• Exercise prompt: Make a verbatim copy of all the records. Skip every image.

• Data:
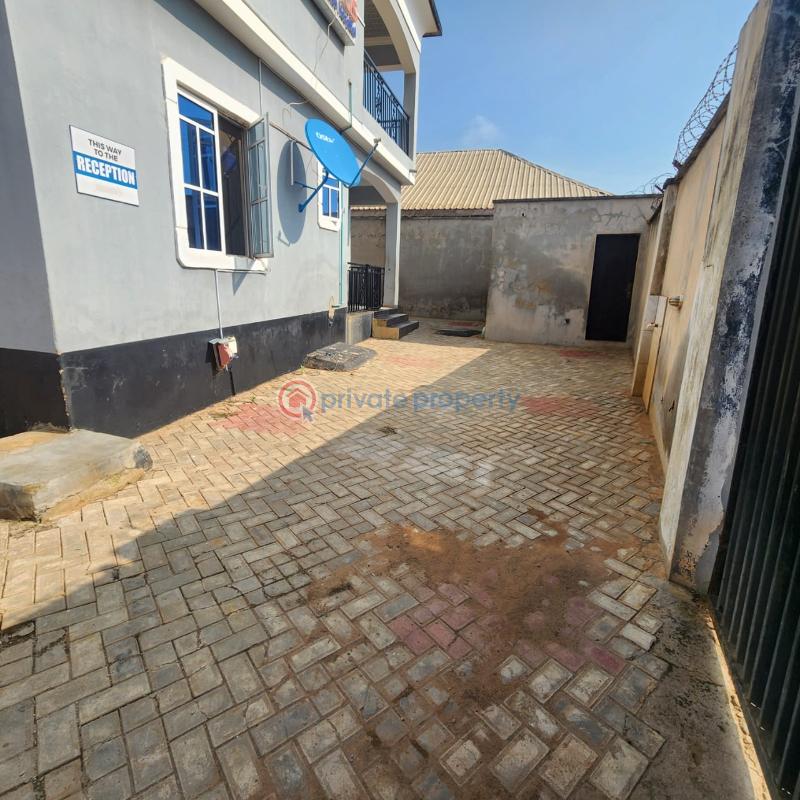 3 bedroom Block Of Flats For Sale Olorunda Road Akobo Ibadan Oyo - 7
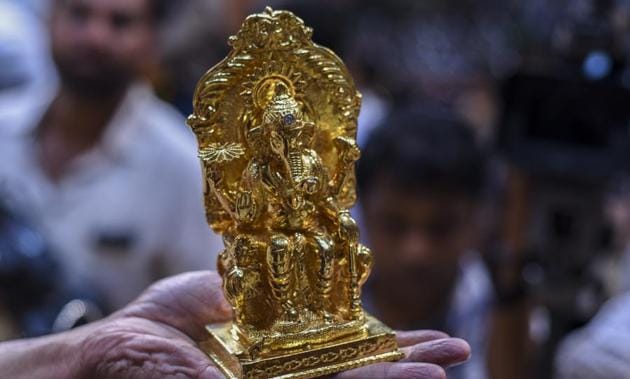 Lalbaugcha Raja organisers auctioned the gold and silver which was offered to Ganpati at Lalbaugh on Thursday. (HT Photo) Lalbaugcha Raja organisers auctioned the gold and silver which was offered to Ganpati at Lalbaugh on Thursday. (HT Photo)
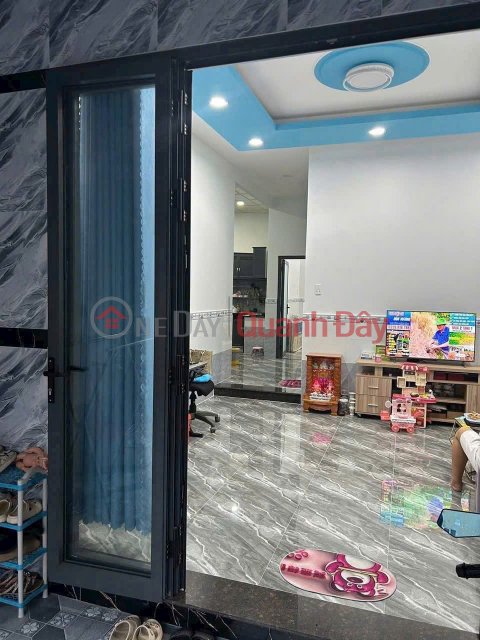 Beautiful house for sale, cheap price, car-friendly road, near Tan Phong market, only 2 billion 990 _0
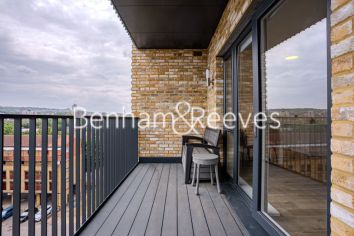 3  bedrooms flat to rent in Davies House, Vousden Grove, SE28-image 6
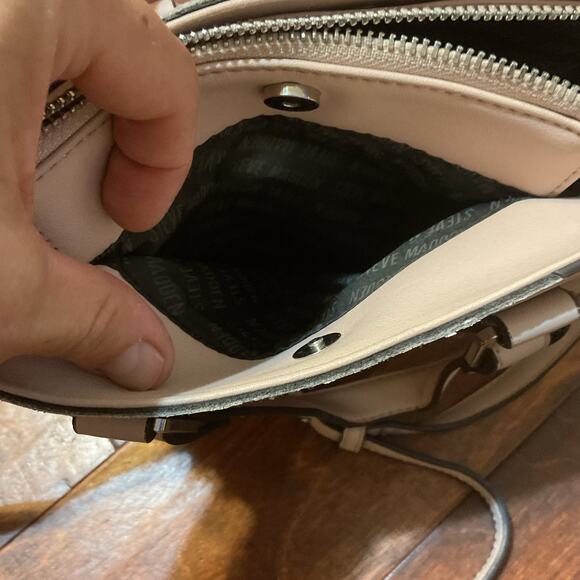 Steve Madden Crossbody Handbag Dusty Pink - Picture 9 of 10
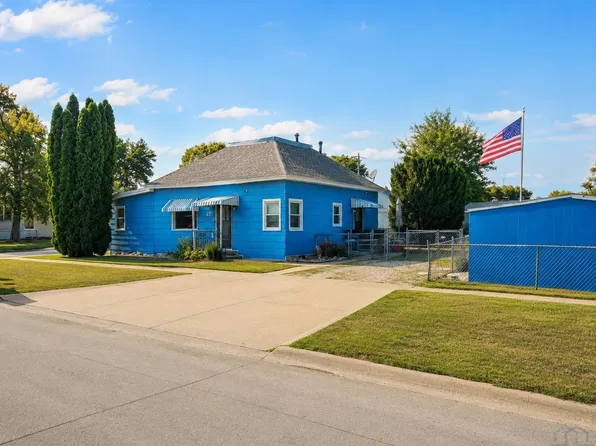 201 E 8th St, South Sioux City, NE 68776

• Reply:
 3 bedroom Block Of Flats For Sale Olorunda Road Akobo Ibadan Oyo - 7
 Lalbaugcha Raja organisers auctioned the gold and silver which was offered to Ganpati at Lalbaugh on Thursday. (HT Photo) Lalbaugcha Raja organisers auctioned the gold and silver which was offered to Ganpati at Lalbaugh on Thursday. (HT Photo)
 Beautiful house for sale, cheap price, car-friendly road, near Tan Phong market, only 2 billion 990 _0
 3  bedrooms flat to rent in Davies House, Vousden Grove, SE28-image 6
 Steve Madden Crossbody Handbag Dusty Pink - Picture 9 of 10
 201 E 8th St, South Sioux City, NE 68776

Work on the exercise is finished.